Even if Arcosanti doesn't claim to be a 12-Step 'place,' it seems obvious that time spent learning to examine one's own baggage is time well-spent - hardly a waste of time, right? And if some arconauts have gone on, after leaving Arcosanti, to "work the steps," and if some had started to before they arrived, surely some would benefit if they took it upon themselves to begin right now. 
     (Ironically, 'bottoming out' can be A Good Thing even if it feels awkward if/as/when it happens.) 
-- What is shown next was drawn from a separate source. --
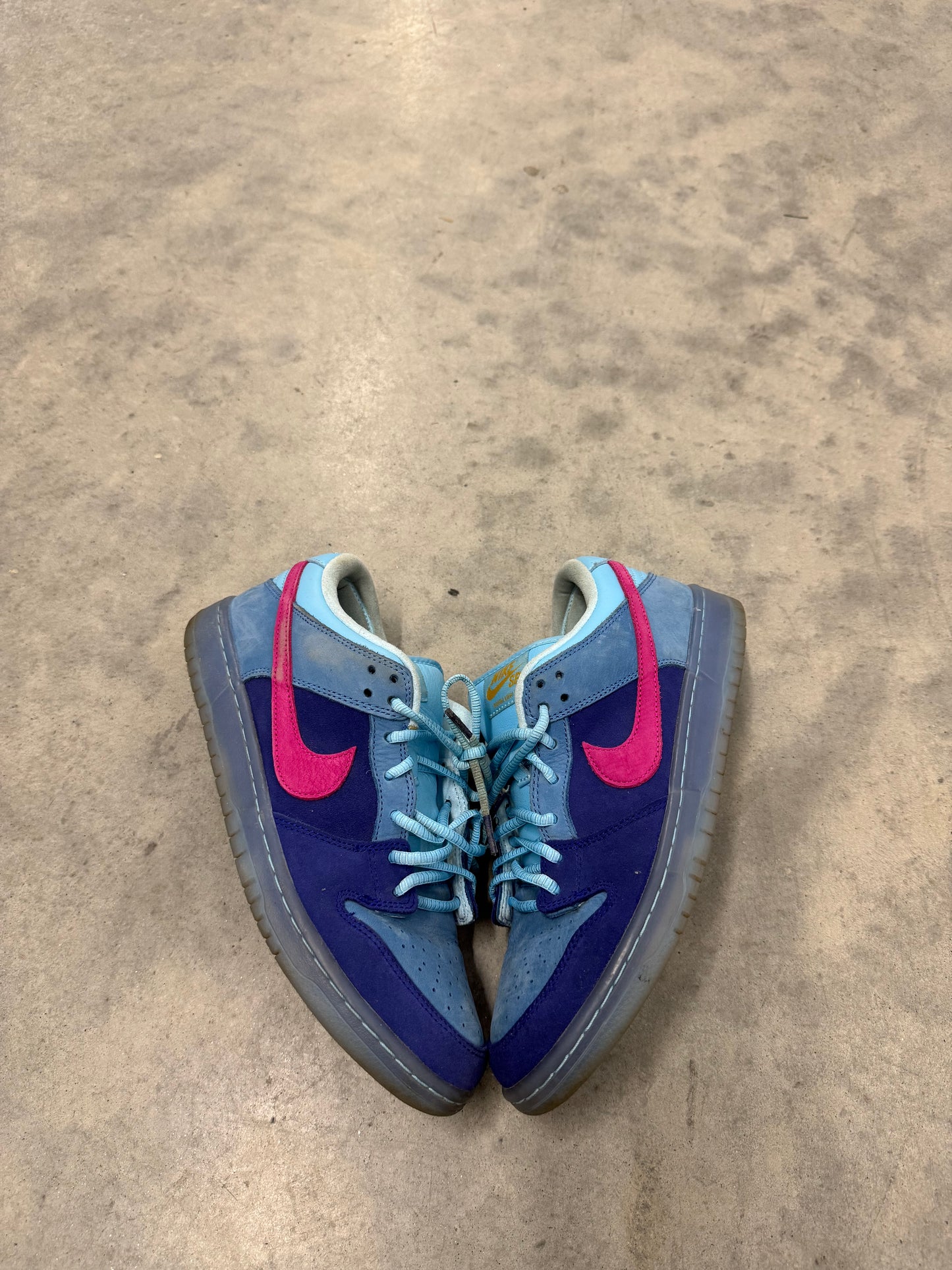 RUN THE JEWELS NIKE SB DUNK LOW “ 4/20 “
     That said, getting an addict to acknowledge the need for change is another matter altogether. It's pretty much axiomatic that a chemically dependent person can rarely be forced, coerced, or even readily coaxed into giving up his/her albatross. But if he or she does, s/he soon discovers life feels different when it's not spent staggering under the weight of chemical dependency. 
     And *that* said, who knows what freedom from petro-chemical dependency feels like, right? Such a colossal addiction!   It is such an enormous project, to challenge that addiction, that I think the Serenity prayer, the keynote of every 12-Step program meeting ("G-d grant me the Serenity to accept the things I cannot change, the Courage to change the things I can, the Wisdom to know the difference")  needs to have another virtue "the Patience to endure my own mistakes" added on to it.
    
     Paolo, patient though he could be if/when he put his mind to it, was not a student of comparative religion. Nor is it likely he would have concluded (had anyone ever suggested it to him) that the 12-Step philosophy might be of use to him personally. In fact, he wasn't big on "touchy-feely" talk, not to put too fine a point on it. Many people - me included - tried to get him involved in community development, the city planning side of urban architecture; but despite his having likened cities to organisms and his having envisioned 'arcology' as promoting a more humane urban environment, the fact was that the niceties of coaxing strategic, substantive participation in that specific sort of planning and/or development at Arcosanti simply wasn't his thing.     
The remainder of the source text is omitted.